Froont Wants To Make Sharing Responsive Web Design As Easy As Sharing Code

When Froont, backed by Finnish VC Inventure, launched in public beta in May 2013, it offered an easy way for designers to create, prototype and share responsive website designs with team members and clients, without the need to write code. The idea was to do away with endless Photoshop mockups and actually design — under the hood, at least — in HTML/CSS. Today the startup’s visual editor exits Beta, and with it the company is launching a platform to make sharing web design with the wider community as easy as sharing code.

The flagship feature is that Froont designs can now be cloned, edited, and shared with a client or used as a starting point for new designs. In some ways it’s similar to how something like Github works for raw code, and the wider open source movement as a whole, but for visual web designers, thanks to Froont’s pre-existing browser-based visual editor.

“Designers are crazy about sharing, as it makes them better and eventually shapes new trends,” says Froont co-founder and CEO Sandijs Ruluks, citing design communities like Behance and Dribbble. “The same applies for Github, where people are embracing the community and reuse code made by others. The interesting part is that open-sourced coding is now perceived as something totally normal and its benefits can’t be denied. Open-sourced design on the other hand, isn’t there yet, although we see the excitement around it”.

In the same way web designers and developers freely share icons, WordPress themes, UI kits, and Bootstrap or Zurb frameworks, Ruluks believes it should be possible to share and build upon entire responsive page designs. But, until now, he argues, there hasn’t been an easy way to do this.

“The reason why the rest of web design hasn’t picked up all this attitude is simple though – we lack an open design standard,” he says. “Code is open, but Photoshop and code don’t go together. We can hope that all designers will become fluent with code, but that isn’t happening… That’s where Froont comes into play.”

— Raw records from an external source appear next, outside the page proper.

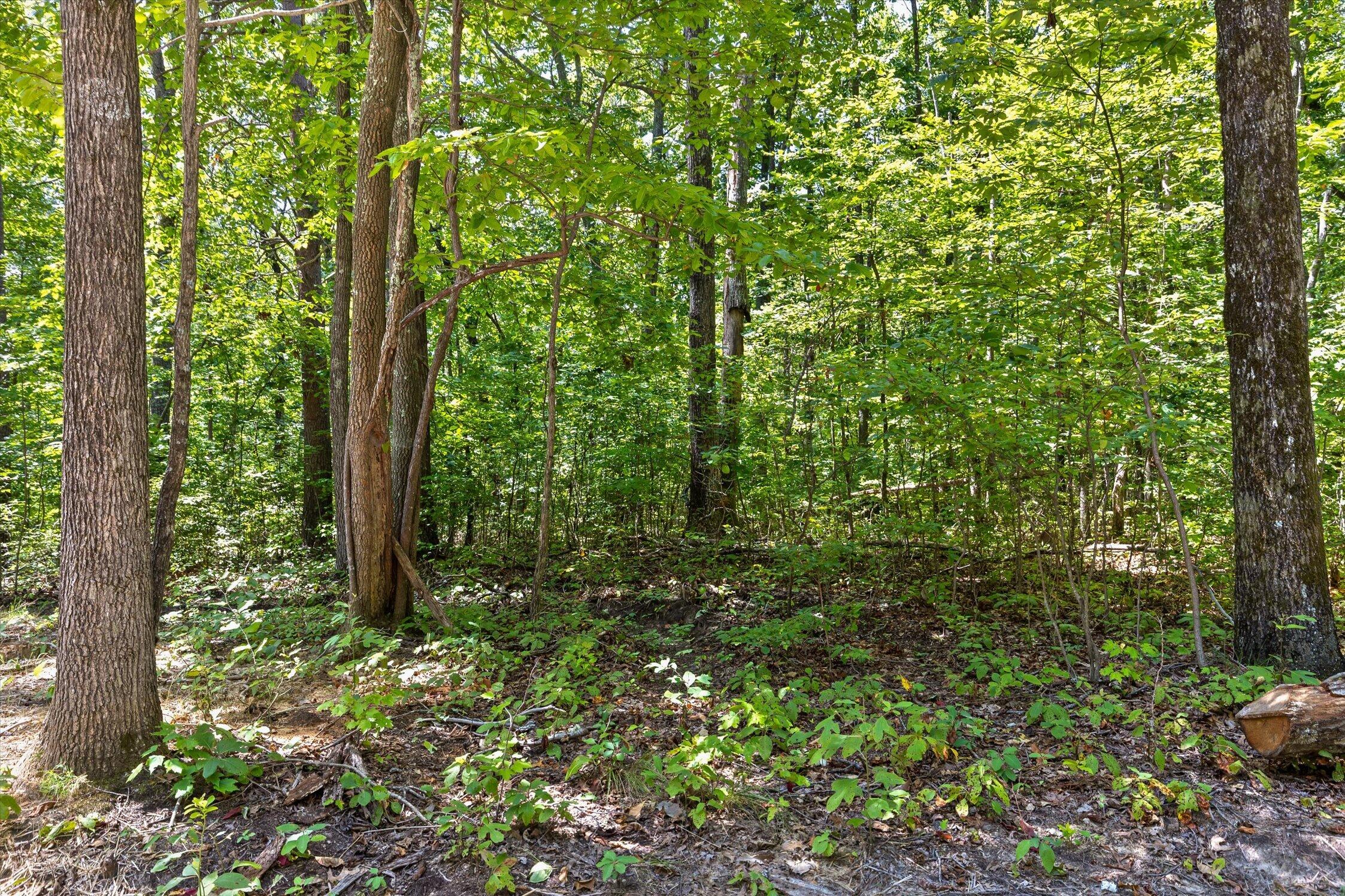 1537 Vulcan Road, 32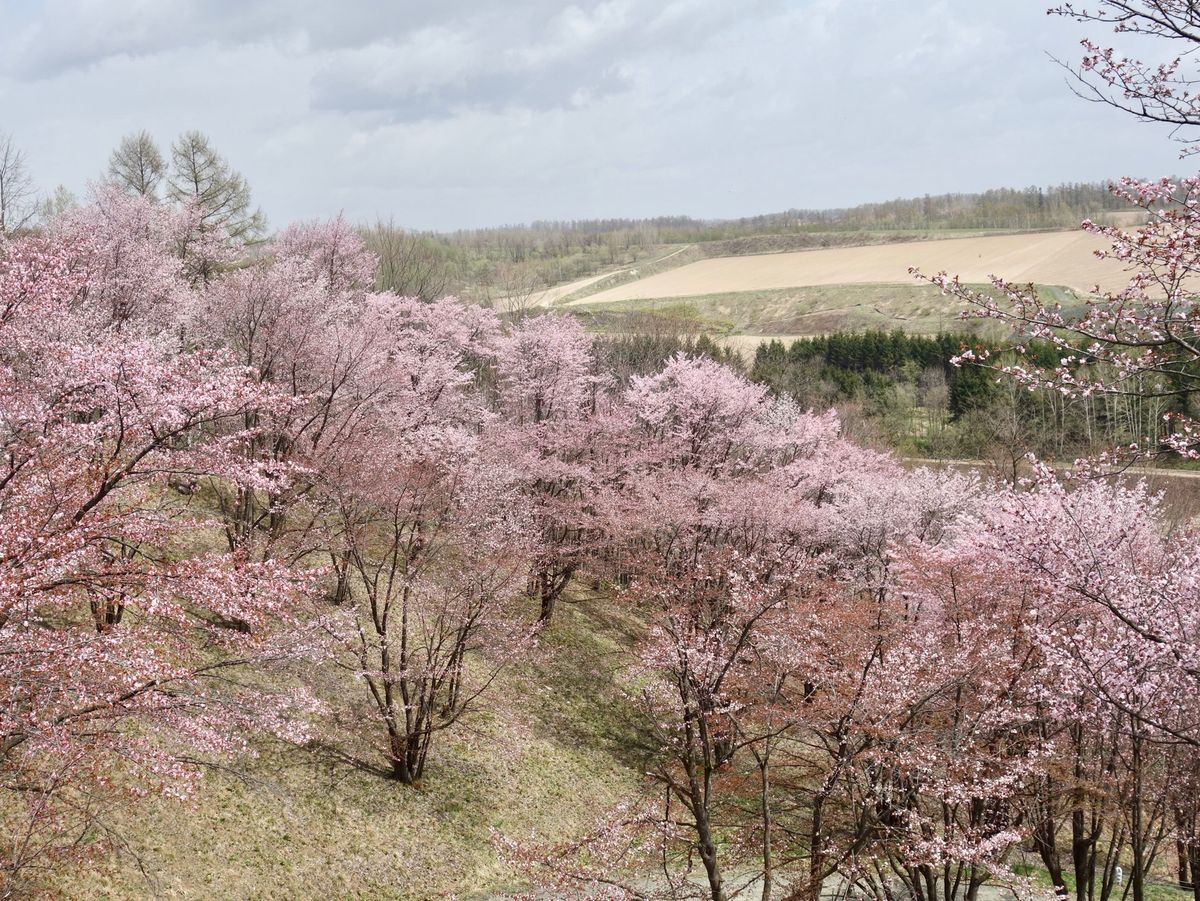 🌸深山峠🌸

国道237号線の上富良野〜美瑛の間にある深山峠のさくら園です...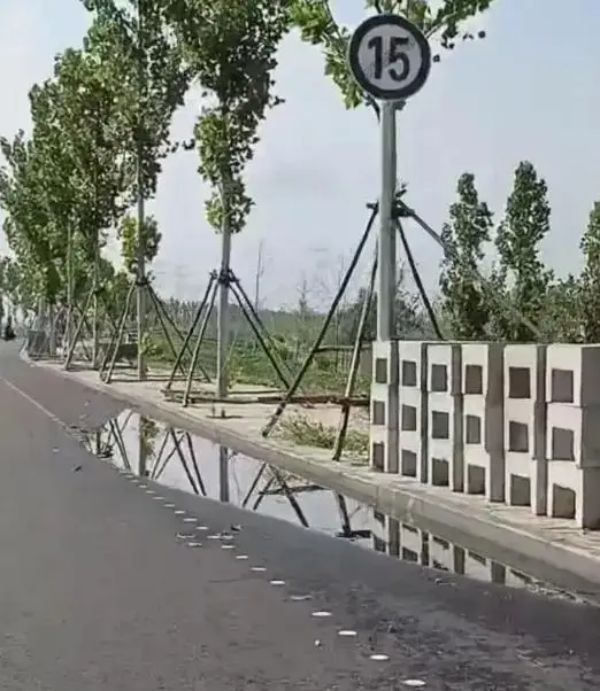 涉事路段照片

Here Ruluks is referring to the fact that, while Froont’s visual editor is largely drag ‘n’ drop, it outputs HTML5 and CSS3, so it’s already based on web standards. “We see a big opportunity to make design open, which means people can show off, get inspired, but they also can reuse the design and create something new on top of it. That opens possibilities where designers can design faster by reusing each other’s work, they can show fully working prototypes and deliver a microsite to the client that works out of the box,” he adds.

The new freemium revenue model is also interesting. Pages/microsites created by non-paying users are always public and can be cloned, edited and reused by others. If you want to keep your work private you pay a subscription. Or, as Ruluks puts it, “for free you pay with sharing, for privacy you pay with money”.